- _TASK_: The result should be every line in the data below that carries the string "Hotel".

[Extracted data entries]
□ □ □ □ □ □ □

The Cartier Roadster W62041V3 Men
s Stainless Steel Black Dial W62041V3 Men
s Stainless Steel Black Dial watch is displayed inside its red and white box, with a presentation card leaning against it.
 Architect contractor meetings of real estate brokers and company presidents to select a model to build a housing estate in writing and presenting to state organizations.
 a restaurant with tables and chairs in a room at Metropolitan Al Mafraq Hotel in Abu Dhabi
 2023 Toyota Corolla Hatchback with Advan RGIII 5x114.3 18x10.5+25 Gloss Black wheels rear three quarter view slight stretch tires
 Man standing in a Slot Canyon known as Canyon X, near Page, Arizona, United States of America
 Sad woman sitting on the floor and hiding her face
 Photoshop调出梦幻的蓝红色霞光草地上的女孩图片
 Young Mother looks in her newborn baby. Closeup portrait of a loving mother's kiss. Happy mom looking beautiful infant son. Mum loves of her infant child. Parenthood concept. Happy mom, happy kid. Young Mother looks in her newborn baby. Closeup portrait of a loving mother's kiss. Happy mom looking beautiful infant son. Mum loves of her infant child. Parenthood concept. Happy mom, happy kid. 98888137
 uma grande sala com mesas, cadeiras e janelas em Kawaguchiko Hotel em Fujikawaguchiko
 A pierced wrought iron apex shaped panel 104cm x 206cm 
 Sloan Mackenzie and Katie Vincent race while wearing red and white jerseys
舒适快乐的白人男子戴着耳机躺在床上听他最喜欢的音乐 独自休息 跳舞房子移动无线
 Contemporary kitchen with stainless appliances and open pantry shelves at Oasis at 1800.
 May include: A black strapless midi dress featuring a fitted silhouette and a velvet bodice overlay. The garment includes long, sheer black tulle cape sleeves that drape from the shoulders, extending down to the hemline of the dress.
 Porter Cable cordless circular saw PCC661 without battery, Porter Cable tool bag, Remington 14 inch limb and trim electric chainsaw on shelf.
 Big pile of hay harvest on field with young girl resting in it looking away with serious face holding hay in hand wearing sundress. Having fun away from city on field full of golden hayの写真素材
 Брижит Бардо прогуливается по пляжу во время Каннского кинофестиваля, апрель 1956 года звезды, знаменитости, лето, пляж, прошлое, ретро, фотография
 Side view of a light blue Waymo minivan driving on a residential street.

□ □ □ □ □ □ □

- _TASK RESULT_:
 a restaurant with tables and chairs in a room at Metropolitan Al Mafraq Hotel in Abu Dhabi
 uma grande sala com mesas, cadeiras e janelas em Kawaguchiko Hotel em Fujikawaguchiko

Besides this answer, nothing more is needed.